__Goal of the exercise__
What lines below include the string "Foto"? Pick them out and copy them.

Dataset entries
-- -- --

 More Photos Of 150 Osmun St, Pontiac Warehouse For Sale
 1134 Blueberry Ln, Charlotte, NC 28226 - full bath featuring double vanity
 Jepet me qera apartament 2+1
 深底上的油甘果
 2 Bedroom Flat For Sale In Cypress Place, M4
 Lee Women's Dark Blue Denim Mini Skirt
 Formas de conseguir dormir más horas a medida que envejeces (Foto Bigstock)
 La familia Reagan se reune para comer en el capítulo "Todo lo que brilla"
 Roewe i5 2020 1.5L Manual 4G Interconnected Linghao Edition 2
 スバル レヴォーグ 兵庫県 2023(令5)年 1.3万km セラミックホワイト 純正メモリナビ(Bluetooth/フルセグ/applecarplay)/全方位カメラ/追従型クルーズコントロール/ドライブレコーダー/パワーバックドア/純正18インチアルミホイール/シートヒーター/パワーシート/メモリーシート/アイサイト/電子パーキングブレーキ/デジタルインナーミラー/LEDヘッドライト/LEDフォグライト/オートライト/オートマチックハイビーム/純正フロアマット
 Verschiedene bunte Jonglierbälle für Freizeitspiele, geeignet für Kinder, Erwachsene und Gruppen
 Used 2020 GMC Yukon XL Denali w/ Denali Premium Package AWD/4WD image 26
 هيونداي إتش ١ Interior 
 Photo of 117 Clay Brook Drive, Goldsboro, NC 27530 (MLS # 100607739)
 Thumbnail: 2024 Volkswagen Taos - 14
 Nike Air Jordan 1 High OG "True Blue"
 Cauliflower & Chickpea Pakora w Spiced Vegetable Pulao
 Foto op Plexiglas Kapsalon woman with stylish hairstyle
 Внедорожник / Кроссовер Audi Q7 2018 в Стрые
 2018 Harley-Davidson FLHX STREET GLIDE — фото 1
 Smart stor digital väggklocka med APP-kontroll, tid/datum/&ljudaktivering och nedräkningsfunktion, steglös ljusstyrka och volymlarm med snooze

-- -- --

__Worked solution__
 Formas de conseguir dormir más horas a medida que envejeces (Foto Bigstock)
 Foto op Plexiglas Kapsalon woman with stylish hairstyle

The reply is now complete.